|
Model-Based Testing in Practice
By: S. R. Dalal, A. Jain, N. Karunanithi,
ABSTRACT
Model-based testing is a new and evolving technique for generating
a suite of test cases from requirements. Testers using
this approach concentrate on a data model and generation
infrastructure instead of hand-crafting individual tests. Several
relatively small studies have demonstrated how combinatorial
test generation techniques allow testers to achieve
broad coverage of the input domain with a small number of
tests. We have conducted several relatively large projects in
which we applied these techniques to systems with millions
of lines of code. Given the complexity of testing, the modelbased
testing approach was used in conjunction with test automation
harnesses. Since no large empirical study has been
conducted to measure efficacy of this new approach, we report
on our experience with developing tools and methods in
support of model-based testing. The four case studies presented
here offer details and results of applying combinatorial
test-generation techniques on a large scale to diverse applications.
Based on the four projects, we offer our insights
into what works in practice and our thoughts about obstacles
to transferring this technology into testing organizations.
Keywords
Model-based testing, automatic test generation, AETG software
system.
1 INTRODUCTION
Product testers, like developers, are placed under severe
pressure by the short release cycles expected in today’s software
markets. In the telecommunications domain, customers
contract for large, custom-built systems and demand high
reliability of their software. Due to increased competition
in telecom markets, the customers are also demanding cost
reductions in their maintenance contracts. All of these issues
have encouraged product test organizations to search
for techniques that improve upon the traditional approach of
hand-crafting individual test cases.
Test automation techniques offer much hope for testers. The
simplest application is running tests automatically. This allows
suites of hand-crafted tests to serve as regression tests.
However, automated execution of tests does not address the
problems of costly test development and uncertain coverage
of the input domain.
We have been researching, developing, and applying the idea
of automatic test generation,which we call model-based testing.
This approach involves developing and using a data
model to generate tests. The model is essentially a specification
of the inputs to the software, and can be developed early
in the cycle from requirements information. Test selection
criteria are expressed in algorithms, and can be tuned in response
to experience. In the ideal case, a regression test suite
can be generated that is a turnkey solution to testing the piece
of software: the suite includes inputs, expected outputs, and
necessary infrastructure to run the tests automatically.
While the model-based test approach is not a panacea, it offers
considerable promise in reducing the cost of test generation,
increasing the effectiveness of the tests, and shortening
the testing cycle. Test generation can be especially effective
for systems that are changed frequently, because testers
can update the data model and then rapidly regenerate a test
suite, avoiding tedious and error-prone editing of a suite of
hand-crafted tests.
At present, many commercially available tools expect the
tester to be 1/3 developer, 1/3 system engineer, and 1/3 tester.

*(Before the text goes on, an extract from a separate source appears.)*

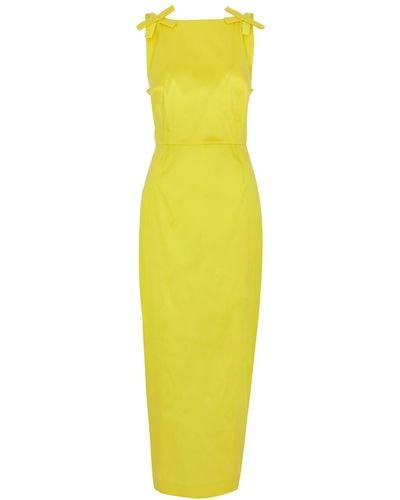 BERNADETTE Kim Taffeta Maxi Dress, Dress, , Concealed Zip - Yellow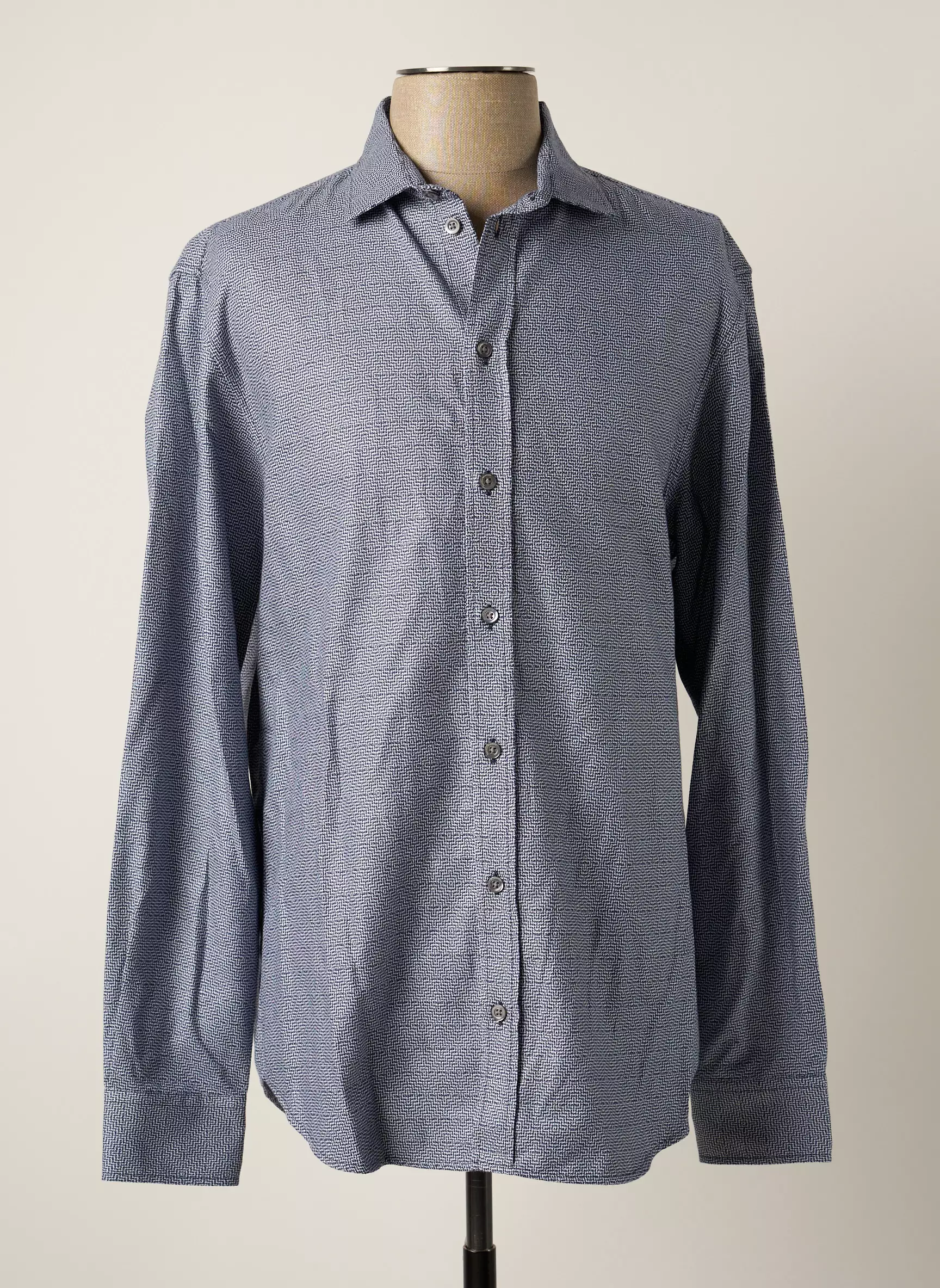 Emporio Armani Manches Longues Homme couleur bleu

Unfortunately, such savvy testers are few or the budget to
hire such testers is simply not there. It is a mistake to develop
technology that does not adequately address the competence
of amajority of its users. Our efforts have focused on
developing methods and techniques to support model-based
testing that will be adopted readily by testers, and this goal
influenced our work in many ways.
We discuss our approach to model-based testing, including
some details about modeling notations and test-selection algorithms
in Section 2. Section 3 surveys related work. Four
large-scale applications of model-based testing are presented
in Section 4. Finally, we offer some lessons learned about
what works and does not work in practice in Section 5.
2 METHODS AND TOOLS FOR MODEL-BASED
TESTING
Model-based testing depends on three key technologies: the
notation used for the data model, the test-generation algorithm,
and the tools that generate supporting infrastructure
for the tests (including expected outputs). Unlike the
generation of test infrastructure, model notations and testgeneration
algorithms are portable across projects. Figure 1
gives an overview of the problem; it shows the data flows in
a generic test-generation system.
We first discuss different levels at whichmodel-based testing
can be applied, then describe the model notation and testgeneration
algorithmused in our work.
Levels of testing
During development and maintenance life cycles, tests may
be applied to very small units, collections of units, or entire
systems. Model-based testing can assist test activities at all
levels.
At the lowest level, model-based testing can be used to exercise
a single software module. By modeling the input parameters
of the module, a small but rich set of tests can be
developed rapidly. This approach can be used to help developers
during unit test activities.
An intermediate-level application of model-based testing is
checking simple behaviors, what we call a single step in
an application. Examples of a single step are performing
an addition operation, inserting a row in a table, sending a
message, or filling out a screen and submitting the contents.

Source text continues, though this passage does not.